━━━ EXTRACTED DATA

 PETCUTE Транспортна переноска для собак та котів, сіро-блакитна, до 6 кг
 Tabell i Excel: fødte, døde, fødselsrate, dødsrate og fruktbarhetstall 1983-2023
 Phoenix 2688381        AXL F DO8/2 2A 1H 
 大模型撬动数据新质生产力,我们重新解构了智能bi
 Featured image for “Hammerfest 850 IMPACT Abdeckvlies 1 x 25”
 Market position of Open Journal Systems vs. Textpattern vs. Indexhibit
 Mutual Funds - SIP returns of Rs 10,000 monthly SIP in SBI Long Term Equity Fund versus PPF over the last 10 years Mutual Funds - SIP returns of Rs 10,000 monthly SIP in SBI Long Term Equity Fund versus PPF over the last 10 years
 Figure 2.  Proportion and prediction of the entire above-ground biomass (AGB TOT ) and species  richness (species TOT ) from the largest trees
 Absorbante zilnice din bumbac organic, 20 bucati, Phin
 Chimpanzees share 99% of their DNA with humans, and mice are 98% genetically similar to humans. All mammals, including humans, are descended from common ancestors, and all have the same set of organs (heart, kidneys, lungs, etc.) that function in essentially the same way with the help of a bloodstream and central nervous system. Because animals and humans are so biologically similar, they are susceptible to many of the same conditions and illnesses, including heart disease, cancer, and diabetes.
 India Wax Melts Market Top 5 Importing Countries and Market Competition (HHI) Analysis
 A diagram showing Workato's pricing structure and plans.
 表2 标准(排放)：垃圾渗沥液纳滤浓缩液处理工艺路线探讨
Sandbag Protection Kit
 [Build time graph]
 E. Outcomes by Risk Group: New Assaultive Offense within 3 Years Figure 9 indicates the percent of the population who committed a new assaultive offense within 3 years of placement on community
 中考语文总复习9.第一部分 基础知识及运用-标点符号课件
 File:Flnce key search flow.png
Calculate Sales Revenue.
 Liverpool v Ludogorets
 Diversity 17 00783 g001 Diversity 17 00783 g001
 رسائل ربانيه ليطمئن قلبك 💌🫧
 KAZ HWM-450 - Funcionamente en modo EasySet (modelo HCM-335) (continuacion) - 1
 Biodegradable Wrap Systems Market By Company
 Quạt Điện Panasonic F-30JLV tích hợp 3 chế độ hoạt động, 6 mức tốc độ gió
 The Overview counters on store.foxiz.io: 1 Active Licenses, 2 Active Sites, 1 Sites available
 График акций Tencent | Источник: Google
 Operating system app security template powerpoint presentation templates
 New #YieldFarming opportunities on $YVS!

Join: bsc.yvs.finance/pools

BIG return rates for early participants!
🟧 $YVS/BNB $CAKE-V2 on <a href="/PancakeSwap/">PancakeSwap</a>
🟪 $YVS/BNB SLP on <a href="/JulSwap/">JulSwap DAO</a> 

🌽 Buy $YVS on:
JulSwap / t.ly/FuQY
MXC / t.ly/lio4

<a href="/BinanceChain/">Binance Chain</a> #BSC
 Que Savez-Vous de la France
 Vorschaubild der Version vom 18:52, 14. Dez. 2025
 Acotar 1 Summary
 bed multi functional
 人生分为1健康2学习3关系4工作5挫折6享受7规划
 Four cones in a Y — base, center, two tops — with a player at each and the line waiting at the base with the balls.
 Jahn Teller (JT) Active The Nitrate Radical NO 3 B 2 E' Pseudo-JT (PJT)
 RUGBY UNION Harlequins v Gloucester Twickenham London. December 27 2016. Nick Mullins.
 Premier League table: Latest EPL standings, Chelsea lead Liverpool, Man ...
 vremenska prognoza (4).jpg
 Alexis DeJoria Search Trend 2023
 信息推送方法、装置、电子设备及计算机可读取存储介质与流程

━━━━━━

- WORK INSTRUCTION
Beginning with the first line and ending with the last, restate the data word for word.

- RESPONSE TO THIS TASK
 PETCUTE Транспортна переноска для собак та котів, сіро-блакитна, до 6 кг
 Tabell i Excel: fødte, døde, fødselsrate, dødsrate og fruktbarhetstall 1983-2023
 Phoenix 2688381        AXL F DO8/2 2A 1H 
 大模型撬动数据新质生产力,我们重新解构了智能bi
 Featured image for “Hammerfest 850 IMPACT Abdeckvlies 1 x 25”
 Market position of Open Journal Systems vs. Textpattern vs. Indexhibit
 Mutual Funds - SIP returns of Rs 10,000 monthly SIP in SBI Long Term Equity Fund versus PPF over the last 10 years Mutual Funds - SIP returns of Rs 10,000 monthly SIP in SBI Long Term Equity Fund versus PPF over the last 10 years
 Figure 2.  Proportion and prediction of the entire above-ground biomass (AGB TOT ) and species  richness (species TOT ) from the largest trees
 Absorbante zilnice din bumbac organic, 20 bucati, Phin
 Chimpanzees share 99% of their DNA with humans, and mice are 98% genetically similar to humans. All mammals, including humans, are descended from common ancestors, and all have the same set of organs (heart, kidneys, lungs, etc.) that function in essentially the same way with the help of a bloodstream and central nervous system. Because animals and humans are so biologically similar, they are susceptible to many of the same conditions and illnesses, including heart disease, cancer, and diabetes.
 India Wax Melts Market Top 5 Importing Countries and Market Competition (HHI) Analysis
 A diagram showing Workato's pricing structure and plans.
 表2 标准(排放)：垃圾渗沥液纳滤浓缩液处理工艺路线探讨
Sandbag Protection Kit
 [Build time graph]
 E. Outcomes by Risk Group: New Assaultive Offense within 3 Years Figure 9 indicates the percent of the population who committed a new assaultive offense within 3 years of placement on community
 中考语文总复习9.第一部分 基础知识及运用-标点符号课件
 File:Flnce key search flow.png
Calculate Sales Revenue.
 Liverpool v Ludogorets
 Diversity 17 00783 g001 Diversity 17 00783 g001
 رسائل ربانيه ليطمئن قلبك 💌🫧
 KAZ HWM-450 - Funcionamente en modo EasySet (modelo HCM-335) (continuacion) - 1
 Biodegradable Wrap Systems Market By Company
 Quạt Điện Panasonic F-30JLV tích hợp 3 chế độ hoạt động, 6 mức tốc độ gió
 The Overview counters on store.foxiz.io: 1 Active Licenses, 2 Active Sites, 1 Sites available
 График акций Tencent | Источник: Google
 Operating system app security template powerpoint presentation templates
 New #YieldFarming opportunities on $YVS!

Join: bsc.yvs.finance/pools

BIG return rates for early participants!
🟧 $YVS/BNB $CAKE-V2 on <a href="/PancakeSwap/">PancakeSwap</a>
🟪 $YVS/BNB SLP on <a href="/JulSwap/">JulSwap DAO</a> 

🌽 Buy $YVS on:
JulSwap / t.ly/FuQY
MXC / t.ly/lio4

<a href="/BinanceChain/">Binance Chain</a> #BSC
 Que Savez-Vous de la France
 Vorschaubild der Version vom 18:52, 14. Dez. 2025
 Acotar 1 Summary
 bed multi functional
 人生分为1健康2学习3关系4工作5挫折6享受7规划
 Four cones in a Y — base, center, two tops — with a player at each and the line waiting at the base with the balls.
 Jahn Teller (JT) Active The Nitrate Radical NO 3 B 2 E' Pseudo-JT (PJT)
 RUGBY UNION Harlequins v Gloucester Twickenham London. December 27 2016. Nick Mullins.
 Premier League table: Latest EPL standings, Chelsea lead Liverpool, Man ...
 vremenska prognoza (4).jpg
 Alexis DeJoria Search Trend 2023
 信息推送方法、装置、电子设备及计算机可读取存储介质与流程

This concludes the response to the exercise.